What's truly surprising is that this scratch-built model performs almost identically to highly optimized Scikit-learn's LinearRegression in terms of performance metrics like R-squared ($R^2$), Mean Squared Error (MSE), and Mean Absolute Error (MAE). Check out the detailed analysis in the Performance Analysis section.
The model also offers surprisingly fast performance, able to be trained for delevering predictions in under 0.2 seconds for 5332 datasets using pure Python. In fact, its been benchmarked (for training and delivering prediction) to run up to 1.9 faster than Scikit-learns implementation on smaller datasets just because of numpy warmup time, as shown in the speedtest.md file. However, performance significantly drops on larger datasets, where Scikit-learn's optimized implementation clearly outperforms the scratch-built model.
One line summary: Predicts house rent in Dhaka using a fully scratch-built ML pipeline with zero external libraries.
Table of Contents
- Engineering Against The Odds
- What Makes It Stand Out
- Performance Analysis Against Scikit-learn
- Location-wise Performance
- How Does It Work
- Why I Built Everything from Scratch
- How to Run
- Usage Example
- Further Tweaks
- Future Plans
- Author
- License
Engineering Against The Odds
This project embraces several unconventional engineering choices deliberately avoiding external libraries and modern frameworks to showcase the true power of raw Python and algorithmic fundamentals.
- Using ZERO external dependencies
Despite the common reliance on libraries like Numpy, Pandas, Scikit-learn, etc., this project builds everything from the ground up. That includes loading data from CSV files, displaying a download progress bar, training the model, preprocessing data, feature engineering, and even serving the web interface all using only Python's standard libraries. This truly demonstrates a strong grasp of core programming concepts.
- Unpredictability of house rents in Dhaka
House rental prices in Dhaka, Bangladesh, often don't follow straightforward mathematical patterns.
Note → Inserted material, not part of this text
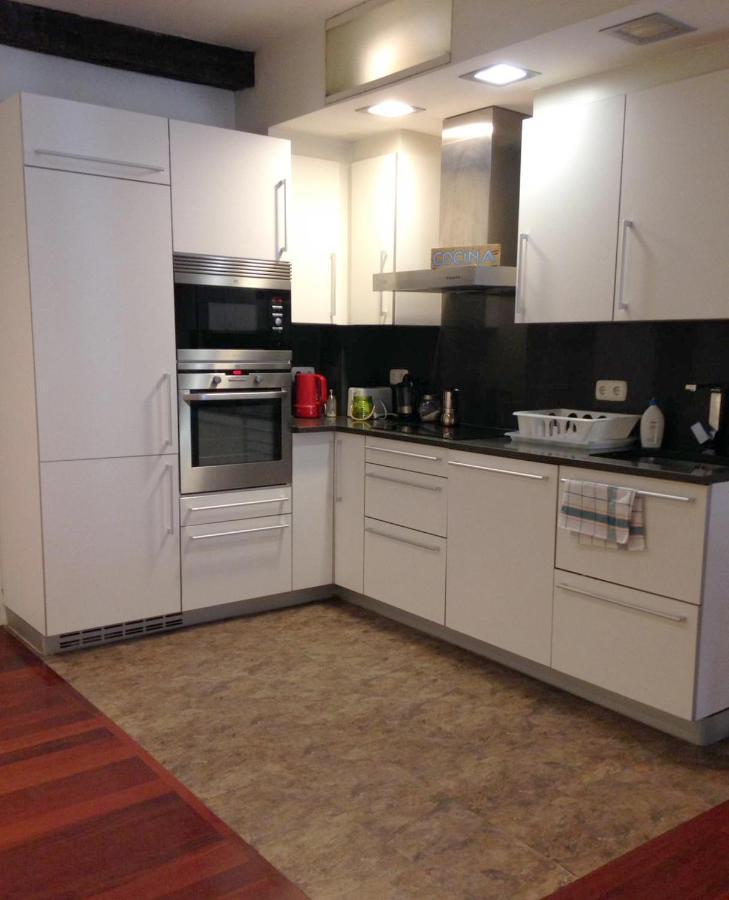 Central, Spacious And Authentic Family Apartment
Instead, they're heavily influenced by the socio-economic conditions of a specific location. For example, houses with identical specifications can command 2 to 3 times higher rents in affluent areas like Gulshan compared to Dakshinkhan. This project uses clever, domain-specific feature engineering to capture these unique, location-based patterns.
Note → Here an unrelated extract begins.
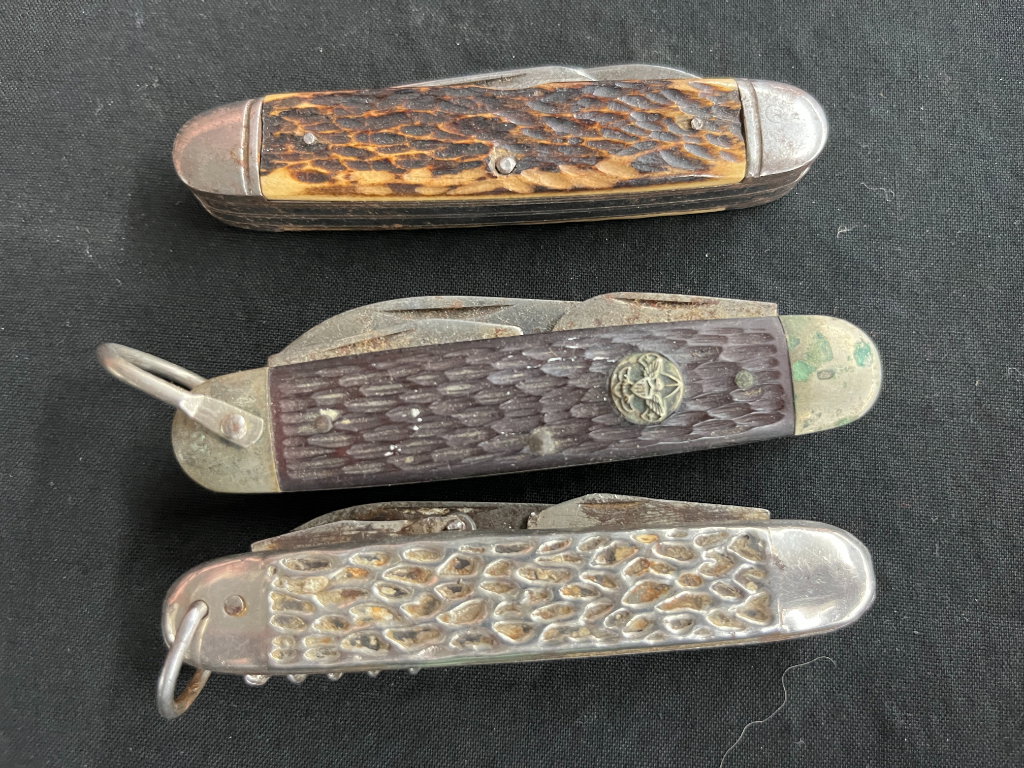 196 1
- Server backend using http.server
While most web applications leverage robust frameworks like Flask or Django, this project showcases Python's built-in http.server module to create a simple, lightweight, and self-contained web server. This keeps the entire stack incredibly lean.
- Implementation of fundamental matrix calculations
Instead of relying on highly optimized external libraries for matrix operations, this project implements core matrix calculation logic for linear regression algorithm from scratch. This includes Gaussian Elimination (or Gauss-Jordan Elimination) for matrix inversion, and standard textbook methods for multiplication and transpose. This provides complete control over the mathematical heart of the model, proving its feasibility while still maintaining suitable performance for the dataset size.
What Makes It Stand Out
- Zero External Dependencies
From model training to the web interface and its backend everything is built using Pythons standard library only!
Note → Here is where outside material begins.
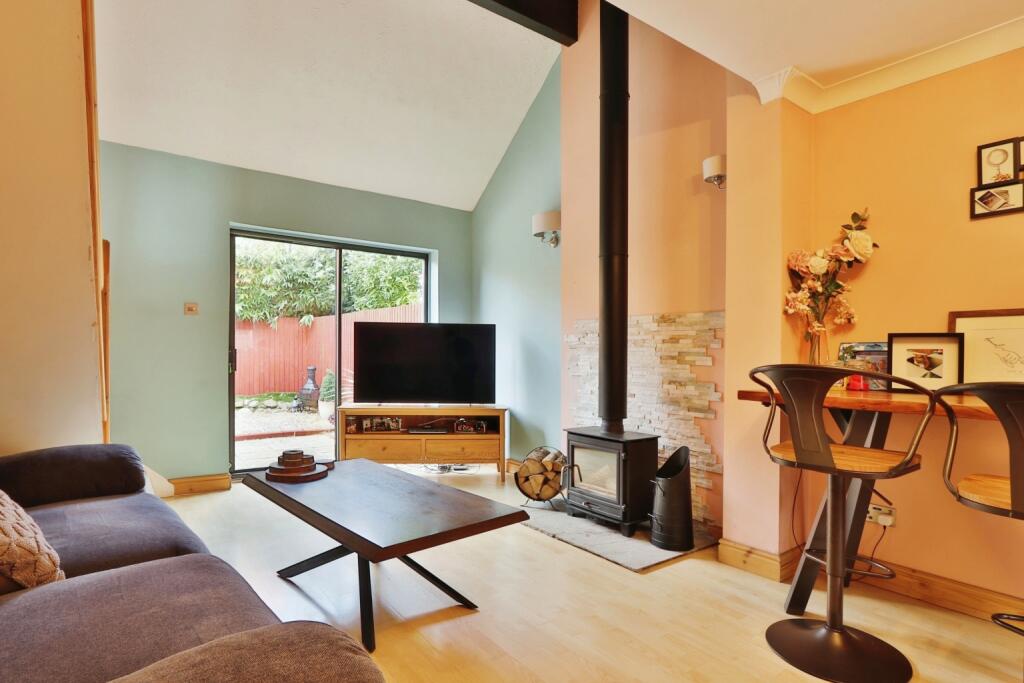 2 bedroom terraced house for sale in Boatswain Croft, Hull, East Riding Of Yorkshire, HU1 2EJ, HU1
No Numpy, Pandas, or similar data manipulation libraries.
No Flask, Django, FastAPI, or other web frameworks.
Exclusively uses built-in Python libraries (e.g., csv, json, http.server).
No Scikit-learn, TensorFlow, or other machine learning libraries at all.
A minimalist pyproject.toml confirms zero external runtime dependencies.
- Domain-Specific Feature Engineering
The project incorporates a feature engineering step that groups data based on location. This is absolutely crucial for capturing the unique characteristics of each area, which significantly drive rent prices in Dhaka.
[Code: app/handler/data/preprocess.py]
- Linear Regression from Scratch
The model uses a vector algebrabased linear regression approach for rent prediction. The formula used to determine the weight vector ($\theta$) is: $$\theta = (X^T X + \lambda I)^{-1} X^T Y$$ where:
- $X$ is the feature matrix
- $Y$ is the target vector (rent prices)
- $\lambda$ is the L2 regularization parameter, and $I$ is the identity matrix.
This entire algorithm is implemented from scratch, without any typical ML libraries like Scikit-learn.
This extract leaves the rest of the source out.